I have studied the first sections of "Munkres, J.R., Topology". In section 7 I find a theorem (7.7) that states that the set $$\{0,1\}^\omega$$ ($$=\{0,1\}\times\{0,1\}\times\cdots$$), i.e., the set of $$\omega$$-tuples or (infinite) sequences of elements of $$\{0,1\}$$ is uncountable. I have studied the proof, I understand it, I know that this proof uses implicitely the Axiom of Choice (this theorem is the answer to Exercise 4 of section 9 of this book), and it is OK for me...

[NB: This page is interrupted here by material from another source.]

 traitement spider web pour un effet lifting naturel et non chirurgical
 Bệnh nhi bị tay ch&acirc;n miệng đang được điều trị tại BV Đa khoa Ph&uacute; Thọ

Nevertheless, I feel that $$\{0,1\}^\omega$$ should be countable because I think that there is a bijection between $$\{0,1\}^\omega$$ and $$\mathbb{Z}_+$$ (the positive integers). And I would like someone to point me where I am wrong:

Let $$x=(x_1,x_2,\ldots)$$ be an element of $$\{0,1\}^\omega$$, so $$x_i=0\text{ or }1$$ for every $$i$$ in $$\{1,2,\ldots\}$$, I define $$f(x)=1+1x_1+2 x_2+4x_3+\cdots+2^{i-1}x_i+\cdots\in\mathbb{Z}_+$$, i.e., I consider $$x$$ the reversed binary expression of $$f(x)-1$$. Then there corresponds one and only one positive integer to every $$x$$ and vice versa. Thus, there exists a bijection between $$\{0,1\}^\omega$$ and $$\mathbb{Z}_+$$, so $$\{0,1\}^\omega$$ is countable.

Am I wrong? Where? Why?

• This argument works only if there are finitely many $x_i$'s which are $1$, otherwise your $f(x)$ wouldn't be well-defined. Your argument shows that the subset $X$ of $\{0,1\}^\omega$, the elements of which have finitely many $1$s and rest $0$s, is countable. Dec 20, 2021 at 20:11
• Which positive integer corresponds to the sequence $(1,1,1,1,1,\ldots)$? Dec 20, 2021 at 20:11
• Infinite binary expressions correspond to $2$-adic integers. The sequence of all $1$s corresponds to the $2$-adic integer $-1$. Other nonzero $2$-adic integers exist that are neither positive nor negative integers (but are rational), such as the $2$-adic integer $...101010=-\frac{2}{3}$, and there are also others that are not even rational, such as the $2$-adic integer $...10001010110$ (with $1$s at prime positions counting from right to left and $0$s elsewhere). Dec 20, 2021 at 20:26
• Although @Jacob's answer explains your mistake, your strategy can biject $\{0,\,1\}^\omega$ with a supernatural generalization of squarefree numbers.
– J.G.
Dec 20, 2021 at 21:06
• Also, the uncountability of $\{0,1\}^\omega$ does not use the axiom of choice! Dec 20, 2021 at 22:59

$$f(x)$$ is defined only when $$x$$ has a finite number of $$1$$s. Indeed, the set $$\bigcup_{n=1}^\infty\{0,1\}^n\times \{0\}^\omega=\{x\in \{0,1\}^\omega: x_i=0\text{ for } i\text{ sufficiently large}\}$$ is countable with $$f$$ as a bijection to $$\mathbb{Z}^+$$. However, you'll notice that when $$x$$ has infinitely many $$1$$s, then $$f(x)=\infty \not\in \mathbb{Z}^+$$.